The records.
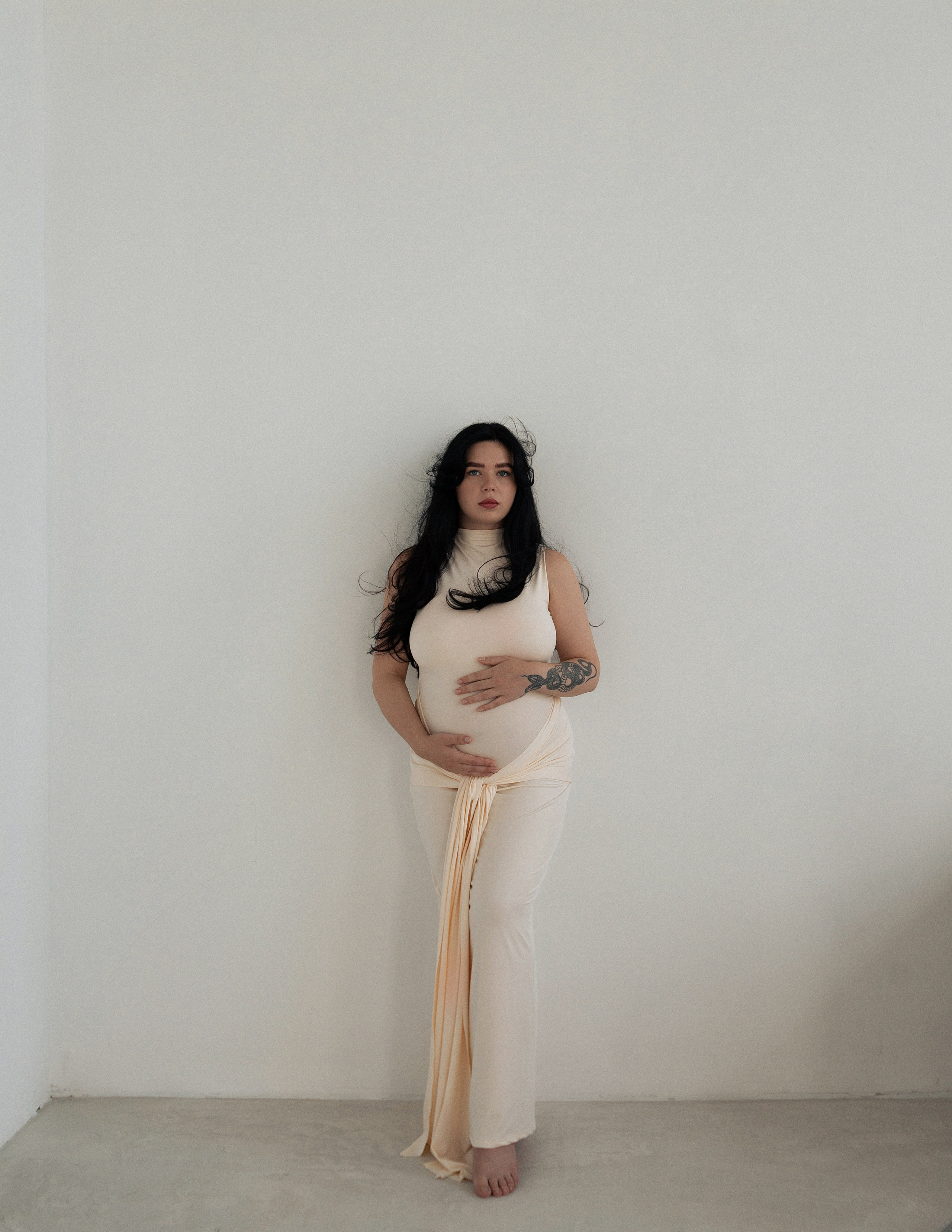 Беременность. Меня зовут Филатова Юлия и я фотографирую женский портрет, семейные съемки, детей в МО и Москве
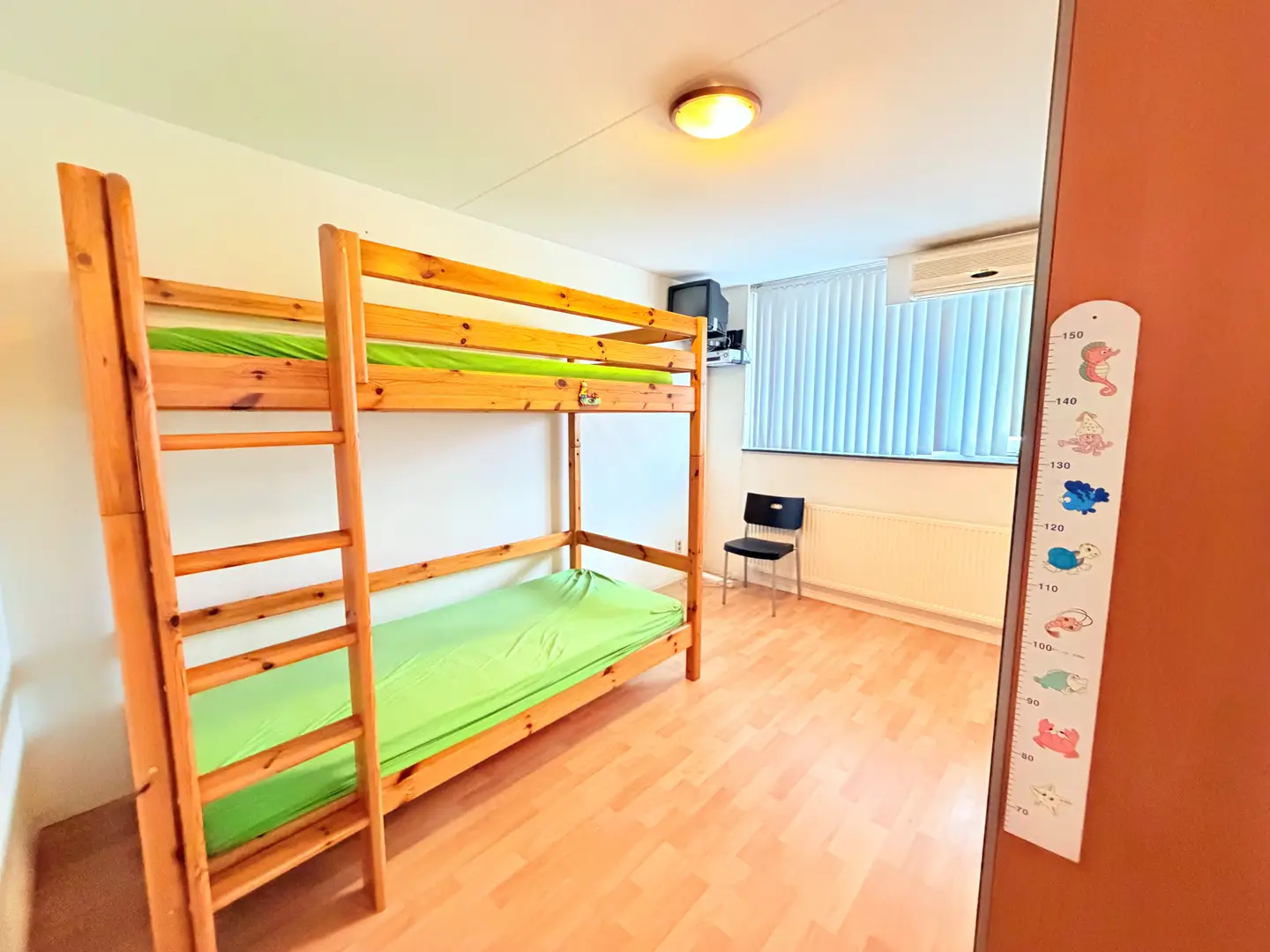 Foto #18 Huurwoning Lien Gisolflaan Amstelveen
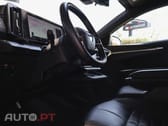 Renault Mégane E-Tech EV60 220hp optimum charge Iconic
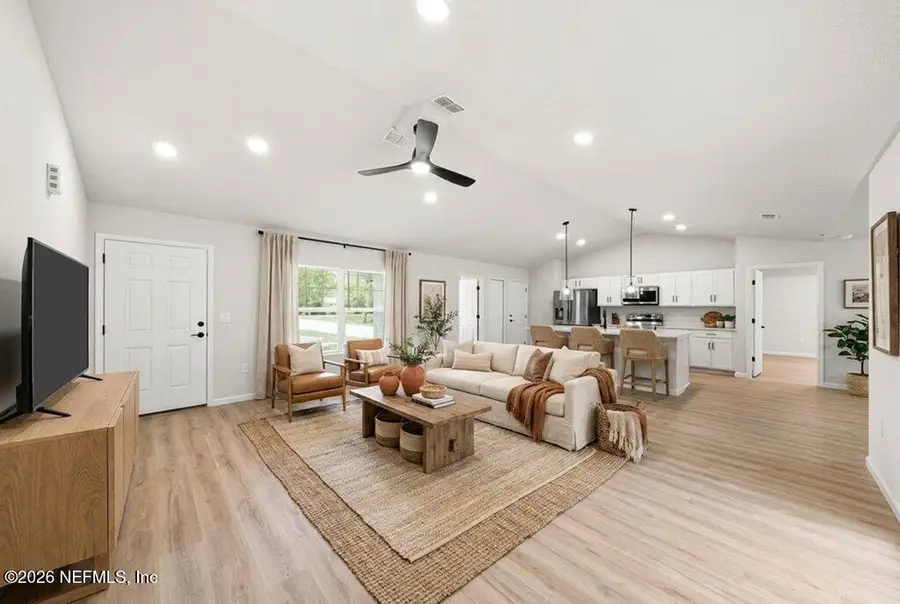 11637 Jackman Cove Lane, Jacksonville, FL 32218 - #2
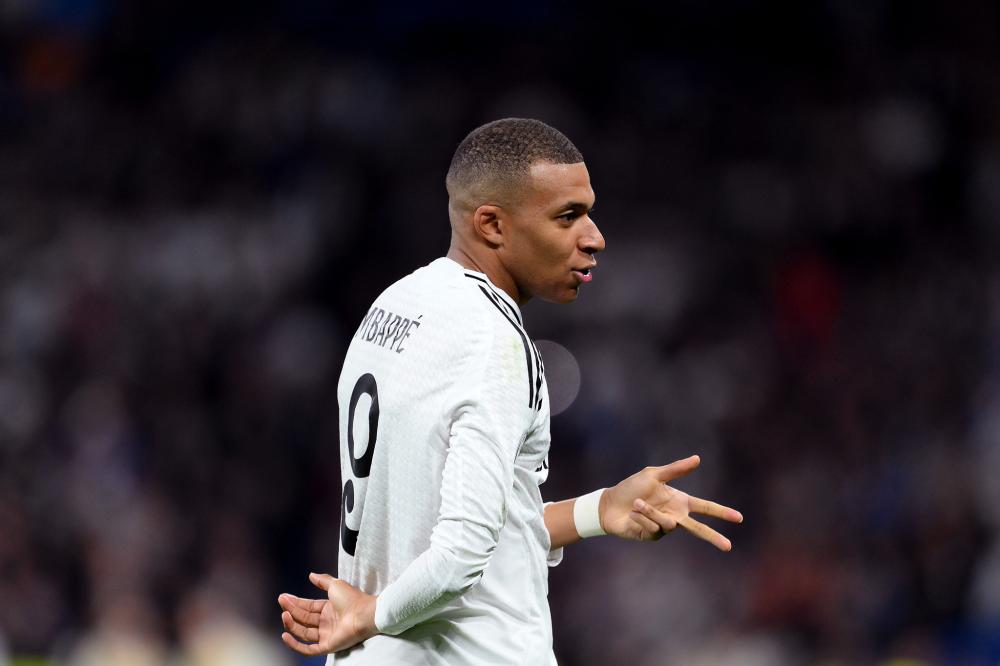 勇士对勒布 勇士对勒布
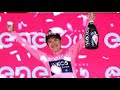 RICHARD CARAPAZ SU HISTORIA EN EL GIRO DE ITALIA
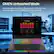 OMEN Unleashed Mode
Manually overclock your device beyond its out-of-the-box limits without having to go into the BIOS with Unleashed Mode.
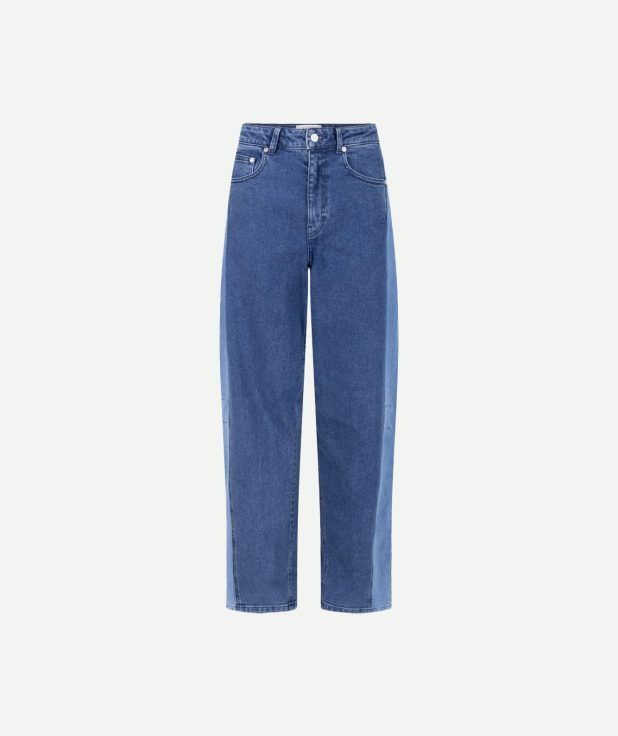 allua-denim-pants-denim-another-label-6027159_1000x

Work instructions.
Omit any images, then output the listing exactly.

Solved problem.
 Беременность. Меня зовут Филатова Юлия и я фотографирую женский портрет, семейные съемки, детей в МО и Москве
 Foto #18 Huurwoning Lien Gisolflaan Amstelveen
 Renault Mégane E-Tech EV60 220hp optimum charge Iconic
 11637 Jackman Cove Lane, Jacksonville, FL 32218 - #2
 勇士对勒布 勇士对勒布
 RICHARD CARAPAZ SU HISTORIA EN EL GIRO DE ITALIA
 OMEN Unleashed Mode
Manually overclock your device beyond its out-of-the-box limits without having to go into the BIOS with Unleashed Mode.
 allua-denim-pants-denim-another-label-6027159_1000x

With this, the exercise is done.